I have a dataframe with consecutive pixel coordinates in rows and columns \'xpos\', \'ypos\', and I want to calculate the angle in degrees of each path between consecutive pixel
You can do this via the following method and I compared the pandas way to your way and it is over 1000 times faster, and that is without adding the list back as a new column!

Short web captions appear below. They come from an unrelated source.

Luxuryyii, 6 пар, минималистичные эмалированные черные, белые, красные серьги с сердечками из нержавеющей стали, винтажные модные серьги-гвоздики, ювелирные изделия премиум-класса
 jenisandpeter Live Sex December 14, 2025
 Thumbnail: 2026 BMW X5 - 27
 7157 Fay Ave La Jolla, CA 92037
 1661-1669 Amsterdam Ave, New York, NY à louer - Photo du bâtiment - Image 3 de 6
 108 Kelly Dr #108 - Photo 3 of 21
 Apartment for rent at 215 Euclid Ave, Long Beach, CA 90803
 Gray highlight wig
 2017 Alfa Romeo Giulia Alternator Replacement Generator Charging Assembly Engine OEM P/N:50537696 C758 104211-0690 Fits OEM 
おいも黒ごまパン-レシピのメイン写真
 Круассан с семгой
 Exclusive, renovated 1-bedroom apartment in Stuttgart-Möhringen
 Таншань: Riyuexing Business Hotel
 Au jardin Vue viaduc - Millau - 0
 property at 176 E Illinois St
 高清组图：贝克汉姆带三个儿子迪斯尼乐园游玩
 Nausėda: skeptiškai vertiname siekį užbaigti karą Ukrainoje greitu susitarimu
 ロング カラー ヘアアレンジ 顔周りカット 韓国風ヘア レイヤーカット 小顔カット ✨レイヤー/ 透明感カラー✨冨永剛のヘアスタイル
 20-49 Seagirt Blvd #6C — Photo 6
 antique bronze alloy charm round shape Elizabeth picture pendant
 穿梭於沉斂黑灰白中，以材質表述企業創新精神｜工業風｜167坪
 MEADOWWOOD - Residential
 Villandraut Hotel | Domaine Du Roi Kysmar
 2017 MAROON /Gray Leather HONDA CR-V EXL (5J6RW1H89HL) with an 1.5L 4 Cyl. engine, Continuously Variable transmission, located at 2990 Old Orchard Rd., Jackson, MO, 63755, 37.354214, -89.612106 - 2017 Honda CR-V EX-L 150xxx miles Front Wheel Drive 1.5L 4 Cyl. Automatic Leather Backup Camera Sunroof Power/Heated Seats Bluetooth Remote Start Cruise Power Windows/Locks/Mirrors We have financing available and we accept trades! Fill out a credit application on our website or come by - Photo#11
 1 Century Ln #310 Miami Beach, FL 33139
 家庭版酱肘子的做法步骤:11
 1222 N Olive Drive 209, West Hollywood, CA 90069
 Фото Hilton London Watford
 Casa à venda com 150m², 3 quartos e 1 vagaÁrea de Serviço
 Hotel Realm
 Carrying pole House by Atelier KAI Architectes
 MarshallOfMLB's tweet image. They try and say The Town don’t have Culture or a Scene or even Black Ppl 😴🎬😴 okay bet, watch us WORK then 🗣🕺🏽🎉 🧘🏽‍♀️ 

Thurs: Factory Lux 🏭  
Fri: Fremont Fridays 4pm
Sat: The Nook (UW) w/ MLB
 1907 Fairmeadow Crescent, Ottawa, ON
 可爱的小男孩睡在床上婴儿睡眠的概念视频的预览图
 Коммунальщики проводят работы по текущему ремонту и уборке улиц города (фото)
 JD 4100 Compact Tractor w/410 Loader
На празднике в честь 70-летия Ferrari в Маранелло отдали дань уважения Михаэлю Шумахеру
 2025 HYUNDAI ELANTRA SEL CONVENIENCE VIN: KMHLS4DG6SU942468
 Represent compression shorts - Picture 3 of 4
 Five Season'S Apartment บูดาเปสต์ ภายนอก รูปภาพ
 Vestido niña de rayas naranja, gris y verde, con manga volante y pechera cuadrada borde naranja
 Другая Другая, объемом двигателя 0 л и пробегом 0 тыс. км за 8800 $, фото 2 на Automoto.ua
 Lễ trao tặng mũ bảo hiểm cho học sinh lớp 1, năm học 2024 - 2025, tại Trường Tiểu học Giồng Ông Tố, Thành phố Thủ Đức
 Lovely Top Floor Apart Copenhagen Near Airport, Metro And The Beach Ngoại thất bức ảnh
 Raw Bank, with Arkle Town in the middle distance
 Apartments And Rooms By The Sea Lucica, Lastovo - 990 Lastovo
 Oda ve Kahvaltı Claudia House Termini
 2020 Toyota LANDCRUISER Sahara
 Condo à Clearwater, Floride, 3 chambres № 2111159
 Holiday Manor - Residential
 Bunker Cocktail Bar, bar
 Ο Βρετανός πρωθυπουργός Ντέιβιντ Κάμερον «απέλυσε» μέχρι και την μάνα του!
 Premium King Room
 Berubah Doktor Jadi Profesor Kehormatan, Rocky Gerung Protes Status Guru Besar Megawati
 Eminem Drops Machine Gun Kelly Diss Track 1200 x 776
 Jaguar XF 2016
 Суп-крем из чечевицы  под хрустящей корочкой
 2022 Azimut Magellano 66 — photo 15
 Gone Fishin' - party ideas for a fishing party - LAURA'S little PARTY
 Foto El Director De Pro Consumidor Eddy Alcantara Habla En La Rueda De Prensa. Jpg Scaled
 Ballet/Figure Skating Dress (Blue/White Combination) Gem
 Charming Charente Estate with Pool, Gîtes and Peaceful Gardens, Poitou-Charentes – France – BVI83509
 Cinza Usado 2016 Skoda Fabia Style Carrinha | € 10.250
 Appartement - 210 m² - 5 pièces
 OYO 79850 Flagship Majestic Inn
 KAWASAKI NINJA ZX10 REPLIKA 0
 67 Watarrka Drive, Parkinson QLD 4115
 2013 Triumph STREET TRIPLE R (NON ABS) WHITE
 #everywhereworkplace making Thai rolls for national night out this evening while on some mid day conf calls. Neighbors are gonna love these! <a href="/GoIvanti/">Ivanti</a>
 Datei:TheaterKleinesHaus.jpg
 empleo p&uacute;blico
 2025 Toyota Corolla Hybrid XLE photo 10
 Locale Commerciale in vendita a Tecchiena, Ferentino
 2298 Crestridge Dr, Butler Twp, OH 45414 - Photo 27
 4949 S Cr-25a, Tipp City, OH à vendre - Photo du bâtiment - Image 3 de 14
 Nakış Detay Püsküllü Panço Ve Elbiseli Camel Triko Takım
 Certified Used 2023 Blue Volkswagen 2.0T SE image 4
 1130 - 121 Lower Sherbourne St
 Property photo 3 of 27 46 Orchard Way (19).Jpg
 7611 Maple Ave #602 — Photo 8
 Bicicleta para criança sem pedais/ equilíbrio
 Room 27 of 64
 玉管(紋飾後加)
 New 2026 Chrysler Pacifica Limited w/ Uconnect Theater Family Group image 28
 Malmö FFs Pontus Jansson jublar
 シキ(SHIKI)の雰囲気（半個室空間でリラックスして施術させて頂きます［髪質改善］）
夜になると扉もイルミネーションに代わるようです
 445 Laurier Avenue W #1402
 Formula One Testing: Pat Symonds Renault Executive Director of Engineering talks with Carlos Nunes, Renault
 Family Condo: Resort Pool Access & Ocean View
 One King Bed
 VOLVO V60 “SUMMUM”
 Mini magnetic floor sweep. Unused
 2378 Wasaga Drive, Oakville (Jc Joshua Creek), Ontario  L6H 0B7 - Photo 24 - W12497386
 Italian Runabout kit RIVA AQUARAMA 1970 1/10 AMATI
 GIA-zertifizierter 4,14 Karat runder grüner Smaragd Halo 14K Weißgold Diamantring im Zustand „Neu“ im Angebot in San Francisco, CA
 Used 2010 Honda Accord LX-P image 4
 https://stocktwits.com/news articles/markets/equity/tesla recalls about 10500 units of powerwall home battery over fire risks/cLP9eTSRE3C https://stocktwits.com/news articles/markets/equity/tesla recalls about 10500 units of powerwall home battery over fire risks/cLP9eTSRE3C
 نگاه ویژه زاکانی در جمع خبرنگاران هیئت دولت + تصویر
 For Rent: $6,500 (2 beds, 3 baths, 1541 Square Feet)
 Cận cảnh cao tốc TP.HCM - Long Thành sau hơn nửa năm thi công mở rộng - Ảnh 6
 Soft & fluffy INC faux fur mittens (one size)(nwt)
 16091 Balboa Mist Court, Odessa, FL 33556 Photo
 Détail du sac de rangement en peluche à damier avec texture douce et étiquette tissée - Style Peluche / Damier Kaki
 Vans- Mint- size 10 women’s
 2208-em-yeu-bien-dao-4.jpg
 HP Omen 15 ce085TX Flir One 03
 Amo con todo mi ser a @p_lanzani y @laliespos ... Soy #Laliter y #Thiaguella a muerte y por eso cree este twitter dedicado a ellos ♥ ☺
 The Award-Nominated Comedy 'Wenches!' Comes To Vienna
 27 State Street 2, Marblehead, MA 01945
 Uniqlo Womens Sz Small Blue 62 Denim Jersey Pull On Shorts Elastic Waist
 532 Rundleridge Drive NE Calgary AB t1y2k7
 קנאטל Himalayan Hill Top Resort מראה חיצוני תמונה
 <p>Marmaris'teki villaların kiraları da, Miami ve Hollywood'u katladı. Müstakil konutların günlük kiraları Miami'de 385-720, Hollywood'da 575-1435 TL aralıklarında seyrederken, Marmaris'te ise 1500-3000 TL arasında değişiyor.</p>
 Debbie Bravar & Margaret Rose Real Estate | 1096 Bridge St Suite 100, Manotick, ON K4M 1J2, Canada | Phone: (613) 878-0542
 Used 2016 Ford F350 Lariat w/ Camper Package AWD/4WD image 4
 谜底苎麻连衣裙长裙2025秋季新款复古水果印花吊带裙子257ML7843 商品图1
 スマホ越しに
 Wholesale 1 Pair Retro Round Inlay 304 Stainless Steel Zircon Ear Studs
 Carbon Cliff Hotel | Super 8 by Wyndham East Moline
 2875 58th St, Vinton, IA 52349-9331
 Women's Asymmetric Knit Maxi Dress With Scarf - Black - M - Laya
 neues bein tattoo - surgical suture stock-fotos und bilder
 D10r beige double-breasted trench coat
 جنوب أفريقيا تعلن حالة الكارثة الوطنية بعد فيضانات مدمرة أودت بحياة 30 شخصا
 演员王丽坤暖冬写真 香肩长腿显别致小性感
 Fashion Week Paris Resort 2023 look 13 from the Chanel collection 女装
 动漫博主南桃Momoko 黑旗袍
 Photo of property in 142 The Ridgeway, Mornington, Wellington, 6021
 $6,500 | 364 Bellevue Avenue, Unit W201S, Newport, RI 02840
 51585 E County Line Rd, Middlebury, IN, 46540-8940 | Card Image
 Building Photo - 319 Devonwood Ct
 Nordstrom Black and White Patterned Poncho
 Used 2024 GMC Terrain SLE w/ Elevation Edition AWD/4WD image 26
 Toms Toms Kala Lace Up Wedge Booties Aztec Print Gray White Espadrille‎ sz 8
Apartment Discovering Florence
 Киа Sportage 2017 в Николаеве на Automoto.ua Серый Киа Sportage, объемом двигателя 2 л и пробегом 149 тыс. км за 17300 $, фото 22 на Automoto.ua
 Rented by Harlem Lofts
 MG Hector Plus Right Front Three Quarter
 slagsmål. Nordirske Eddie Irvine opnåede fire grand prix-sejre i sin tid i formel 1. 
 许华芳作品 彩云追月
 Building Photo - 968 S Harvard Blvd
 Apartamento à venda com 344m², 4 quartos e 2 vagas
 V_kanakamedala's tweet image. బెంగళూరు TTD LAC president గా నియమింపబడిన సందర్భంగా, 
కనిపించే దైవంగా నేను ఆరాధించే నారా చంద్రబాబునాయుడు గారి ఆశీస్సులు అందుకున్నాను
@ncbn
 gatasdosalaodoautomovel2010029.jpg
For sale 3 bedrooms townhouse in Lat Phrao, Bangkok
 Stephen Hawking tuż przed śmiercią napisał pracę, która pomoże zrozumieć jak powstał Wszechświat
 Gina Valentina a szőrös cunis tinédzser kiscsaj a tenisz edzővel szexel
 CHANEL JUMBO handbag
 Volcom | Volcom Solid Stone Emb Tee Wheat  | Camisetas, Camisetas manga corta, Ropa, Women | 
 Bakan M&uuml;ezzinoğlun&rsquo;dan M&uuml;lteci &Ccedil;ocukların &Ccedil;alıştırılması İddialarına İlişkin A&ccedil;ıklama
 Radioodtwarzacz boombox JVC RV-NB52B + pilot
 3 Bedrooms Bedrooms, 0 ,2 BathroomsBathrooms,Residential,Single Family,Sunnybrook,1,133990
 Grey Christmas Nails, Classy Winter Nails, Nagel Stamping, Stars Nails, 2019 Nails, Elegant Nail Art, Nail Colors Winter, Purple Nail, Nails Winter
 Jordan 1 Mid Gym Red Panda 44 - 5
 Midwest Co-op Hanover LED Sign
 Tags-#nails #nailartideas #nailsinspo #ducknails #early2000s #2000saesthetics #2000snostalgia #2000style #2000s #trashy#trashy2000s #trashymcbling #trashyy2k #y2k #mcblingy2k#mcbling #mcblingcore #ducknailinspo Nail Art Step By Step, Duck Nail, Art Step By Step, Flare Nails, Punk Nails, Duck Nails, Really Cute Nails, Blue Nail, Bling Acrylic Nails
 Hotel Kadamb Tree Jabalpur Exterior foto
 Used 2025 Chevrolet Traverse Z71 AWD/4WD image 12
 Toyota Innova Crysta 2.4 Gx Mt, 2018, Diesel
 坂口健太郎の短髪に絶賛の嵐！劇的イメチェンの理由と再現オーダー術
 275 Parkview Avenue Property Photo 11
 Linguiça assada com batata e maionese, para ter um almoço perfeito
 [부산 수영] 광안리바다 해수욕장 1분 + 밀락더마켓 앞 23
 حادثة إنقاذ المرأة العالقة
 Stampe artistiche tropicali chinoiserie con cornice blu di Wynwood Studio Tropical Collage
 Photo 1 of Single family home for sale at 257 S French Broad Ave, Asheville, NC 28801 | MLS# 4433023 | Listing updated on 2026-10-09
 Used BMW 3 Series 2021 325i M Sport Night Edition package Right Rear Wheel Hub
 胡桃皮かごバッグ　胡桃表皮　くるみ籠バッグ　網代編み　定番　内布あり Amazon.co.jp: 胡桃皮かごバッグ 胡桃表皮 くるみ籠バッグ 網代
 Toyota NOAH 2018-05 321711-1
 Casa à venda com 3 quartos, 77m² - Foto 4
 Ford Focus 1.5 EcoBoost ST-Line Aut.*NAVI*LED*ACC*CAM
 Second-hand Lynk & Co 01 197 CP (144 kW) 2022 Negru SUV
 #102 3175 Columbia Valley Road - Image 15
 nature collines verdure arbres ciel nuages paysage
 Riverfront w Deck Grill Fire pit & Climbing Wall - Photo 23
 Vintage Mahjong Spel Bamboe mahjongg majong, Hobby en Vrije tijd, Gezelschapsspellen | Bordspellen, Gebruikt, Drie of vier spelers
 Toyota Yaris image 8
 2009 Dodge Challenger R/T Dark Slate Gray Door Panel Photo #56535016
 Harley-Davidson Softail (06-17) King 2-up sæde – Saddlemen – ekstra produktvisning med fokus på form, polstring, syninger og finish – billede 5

This was done on a 10000 row dataframe
In [108]:
%%timeit
import numpy as np
df['angle'] = np.abs(180/math.pi * np.arctan(df['xpos'].shift() - df['xpos']/df['ypos'].shift() - df['ypos']))
1000 loops, best of 3: 1.27 ms per loop
In [100]:
%%timeit
temp_list=[]
for count, row in df.iterrows():
x1 = row['xpos']
y1 = row['ypos']
try:
x2 = df['xpos'].ix[count-1]
y2 = df['ypos'].ix[count-1]
a = abs(180/math.pi * math.atan((y2-y1)/(x2-x1)))
temp_list.append(a)
except KeyError:
temp_list.append(np.nan)
1 loops, best of 3: 1.29 s per loop
Also if possible avoid using apply
, as this operates row-wise, if you can find a vectorised method that can work on the entire series or dataframe then always prefer this.
UPDATE
seeing as you are just doing a subtraction from the previous row there is built in method for this diff
this results in even faster code:
In [117]:
%%timeit
import numpy as np
df['angle'] = np.abs(180/math.pi * np.arctan(df['xpos'].diff(1)/df['ypos'].diff(1)))
1000 loops, best of 3: 1.01 ms per loop
Another update
There is also a build in method for series and dataframe division, this now shaves more time off and I achieve sub 1ms time:
In [9]:
%%timeit
import numpy as np
df['angle'] = np.abs(180/math.pi * np.arctan(df['xpos'].diff(1).div(df['ypos'].diff(1))))
1000 loops, best of 3: 951 µs per loop